When you fill your backpack up with little pipes, jewelry you’ve made, or even worse; brownies or other food you intend to sell, you’re really hurting Hempfest. It hurts our vendors, without whom there would be no Seattle Hempfest. When they have to compete with some guy who is not supporting the cause but instead siphoning potential revenue away from the vendors, they lose money. When they lose, Hempfest loses too.

 

It’s weird to be the ganja food police at Seattle Hempfest but we find ourselves in that position. Who’d of thunk? We realize that not everyone has access to delicious edible treats but when you buy a brownie out of some guys backpack you really are taking a risk.

 

A few years back we heard a rumor that people ate brownies dosed with heroin at Seattle Hempfest and ended up in Harbor View.

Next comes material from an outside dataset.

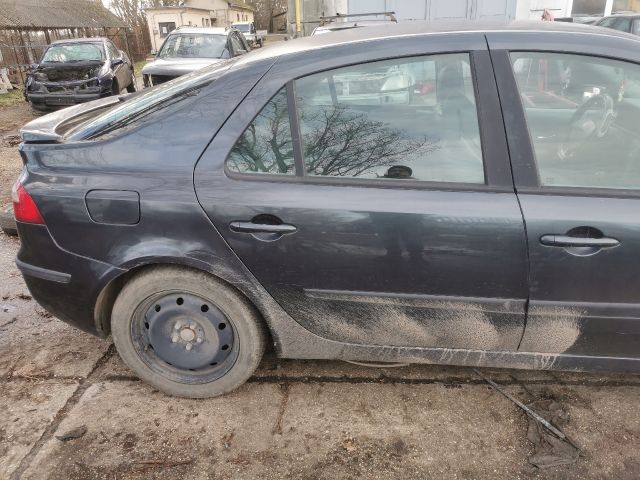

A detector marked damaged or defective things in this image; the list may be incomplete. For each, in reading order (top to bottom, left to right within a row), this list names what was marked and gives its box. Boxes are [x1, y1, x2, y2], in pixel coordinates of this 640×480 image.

Thank the ganja gods that it was just a rumor but it really snapped us up to the reality that hey, you DON’T know what you are buying from some dude in a park, and wow what a health risk this backpack brownie business is.

 

Not to mention, I can’t tell you how many times I’ve seen someone busted selling brownies at Fest, back stepping about how there’s not even any cannabis in the brownies. Pisses me off even more! Now you’re admitting to selling bunk in our event?

 

The health department actually requires each of our real food vendors to have a health permit and follow safety guidelines to assure that no one gets sick. If someone does get sick they can say what food booth they ate at verses some random guy selling bunk brownies with snot and e-coli in them spreading his ass wiped handmade diarrhea food at will making YOU sick.

 

What to do? I know you want delicious brownie goodness to enjoy while at fest. Hell, so do I! The time is now, talk to your friends. Know anyone that cooks? Bring your own ganja goodness with you. Feel free to be as civilly disobedient as you please – with your own supplies. It’s actually an enhanced felony to sell cannabis or cannabis foods in a park, receiving them is, as well.

 

I’m tellin’ you folks, it’s just not worth the risk. I’ll take my brownies without the snot please.